I have no patience for high-pressure sales pitches that leave out the fine print. If fundamentalist Christians are going to proselytize, they should at least be honest about these unwritten rules of their faith.


  1. If one thinks of religion as a "point of view" that someone is trying to convince you of, all this looks merely arbitrary and unreasonable, and the fact that they are not upfront about it seems dishonest. If you accept religion as a mental parasite which, like biological parasites, has been honed over a long period of adaptation into exactly what it needs to be to (a) spread most effectively from brain to brain, and (b) establish firm control over those brains it has infected, then all these characteristics, and the fact that persons out to spread the virus try to lure you into a commitment without making the less attractive parts of the bargain apparent up front, make perfect sense. They are the traits of a tried and successful mind parasite.

    I really believe a religion is exactly that, a kind of non-material parasitic infection whose natural host organism is human brains and which has evolved to modify its hosts' behavior so as to spread the infection, as many parasites do.

    1. Infidel -- I think that, on some level, fundamentalists realize that all these unwritten rules appear onerous to outsiders, and so they leave them out when proselytizing. Then, when someone converts, they pile on the unwritten rules because the person is already committed. It's deeply dishonest, and they know that on some level.

      The mind-parasite theory sounds like Dawkin's idea of religion as a mind-virus. I confess, it's hard to argue against it when I see how fundamentalists behave.

    2. @Infidel753: Very well said, it is certainly parasitic and dishonest. I think the only reason they do this is that they know there is no way they would get people into the churches if they did not lie about the downright immoral and irrational positions they take.

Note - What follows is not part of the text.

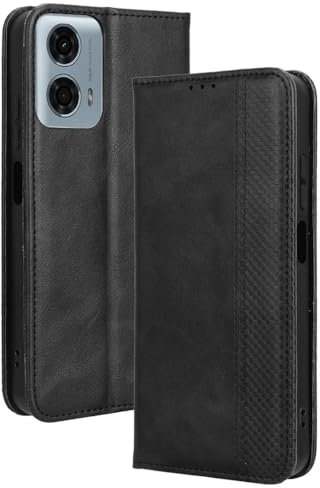 COMAKU Étui à Rabat et Folio pour Motorola Moto G24 Power de Noir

      @Ahab: This list is better than the big ten and more relevant. :p

    3. This is an excellent list and so, so true! I'm so glad those days are in the past for me and fading in my memory. Life is so much freer and more pleasant with a non-fundamentalist mindset.

    4. Christian -- It's also the one that most fundamentalist Christians actually obey, whether they admit it or not.

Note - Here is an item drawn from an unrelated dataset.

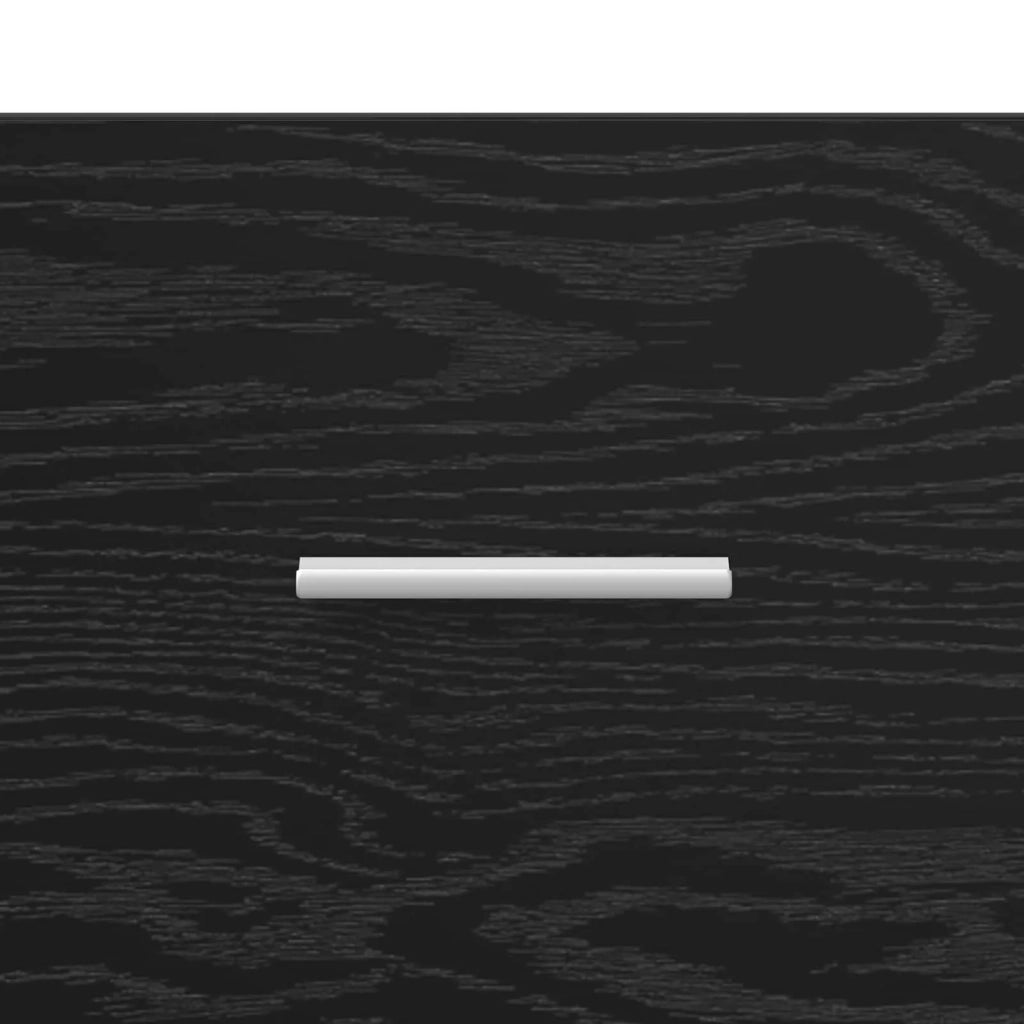 Armadio da Notte Rovere Nero 40 x 40 x 63 cm Legno multistrato 880916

      Michelle -- Fundamentalism is suffocating. When you escaped from it, you opened yourself up to a full, happy life.

  2. Yes, this business about the "fine print" of fundamentalism is very true, I've found. It certainly reveals the absurdity of one of the premises of Pascal's Wager ie that believing in God, just to be on the safe side, has no costs associated with it.

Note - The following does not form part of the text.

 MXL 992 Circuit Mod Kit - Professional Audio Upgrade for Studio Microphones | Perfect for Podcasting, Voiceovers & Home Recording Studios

    Stuff Fundies Like is a bit of a funny site, I've found. While I agree with a lot of the stuff I've seen on it, a lot of the commenters still seem to be stuck in a rather fundamentalist mindset (at least, that was the case when I used to read the blog religiously (heh), about four years ago now). For example, I remember in one post, the blogger was (rightly) criticizing one of those vocal proselytizers who go around with megaphones and big signs saying that pretty much everyone except them is bound for hell, and one of the regular commenters expressing the repugnant view that "we all deserve hell". It made me wonder what their issue with the preacher condemned in the OP was - that they were at least honest about the repellent beliefs they held, and didn't attempt to sugarcoat them with flowery language?

    1. Zosimus -- Pascal's Wager is ridiculous, and I'm surprised that evangelicals still use the wager as a proselytization tool when they should know better.

      I think the most extreme fundamentalists make their brethren uncomfortable because they don't sugar-coat their beliefs. They give the show away.